Mulligan, like Evans, gained his compositional skills and arranging craft not at a college or conservatory but on his own, for he left high school for the road. His performance abilities as the premiere baritone saxophone soloist are well known by most jazz fans, but it is a lesser known fact that he was also a truly versatile single-reed instrumentalist, playing other saxophones as well as the clarinet at a remarkably high professional level. ….


Of the twelve numbers recorded by the Miles Davis Orchestra for Capitol Records in 1949 and 1950, the largest number—six—were arranged by Mulligan, three were composed by him, and he also played on all the tracks. In addition, he composed and arranged another piece for the band, ")oost at the Roost." On the basis of these accomplishments, he must be credited as a major architect of the Miles Davis nonet and as a founding father of the style and movement called cool jazz. In the immediate period after these recordings, he, like Miles Davis, faced a difficult time artistically and financially, and in 1951 he hitchhiked from New York to California while seeking greater opportunities in jazz.  His chance soon came, just as did Davis's, but these two men, who remained friends over the years, followed dissimilar musical paths from this point on.”

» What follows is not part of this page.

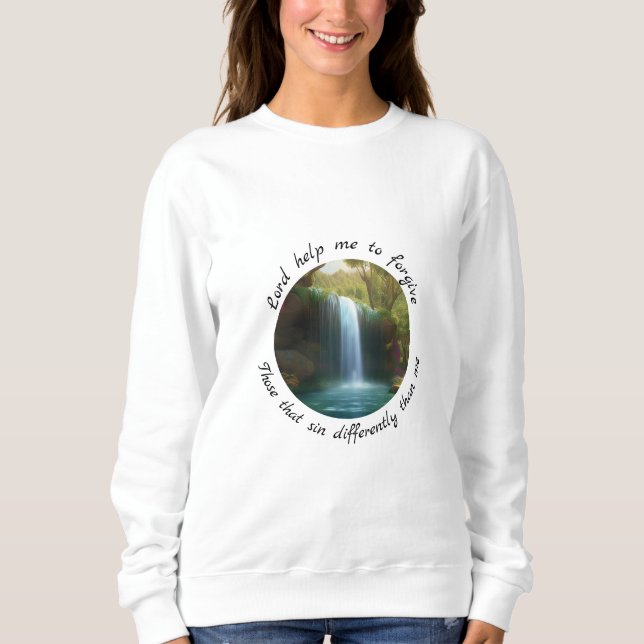Inspiring Waterfall Sweatshirt  (Front)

  • Frank Tirro, The Birth of the Cool of Miles Davis and His Associates [2009]


“The phrase ‘jazz repertory’ has many definitions and dimensions. Perhaps the most basic is: the study, preservation and performance of the many diverse musical styles in jazz. In recent years, the phrase most often applies to big bands and jazz ensembles performing classic and new music written for reeds, brass, and rhythm section in various sizes and combinations.” 

- Jeffrey Sultanoff, Bill Kirchner, ed., The Oxford Companion to Jazz [p.512]


“There has been some rewriting of the history books on behalf of Mulligan and pianist/arranger John Lewis vis-a-vis the original Birth Of The Cool. Mulligan is on record as feeling that the project was subsequently hijacked in Miles Davis's name. Though Miles 'cracked the whip', it was Lewis, Gil Evans and Mulligan who gave the music its distinctive profile. In 1991, Mulligan approached Miles regarding a plan to re-record the famous numbers, which were originally released as 78s and only afterwards given their famous title. Unfortunately, Miles died before the plan could be taken any further, and the eventual session featured regular stand-in Roney in the trumpet part. With Phil Woods in for Lee Konitz, the latter-day sessions have a crispness and boppish force that the original cuts rather lacked. Dave Grusin's and Larry Rosen's production is ultra-sharp  …. An interesting retake on a still-misunderstood experiment, Re-Birth sounds perfectly valid on its own terms.”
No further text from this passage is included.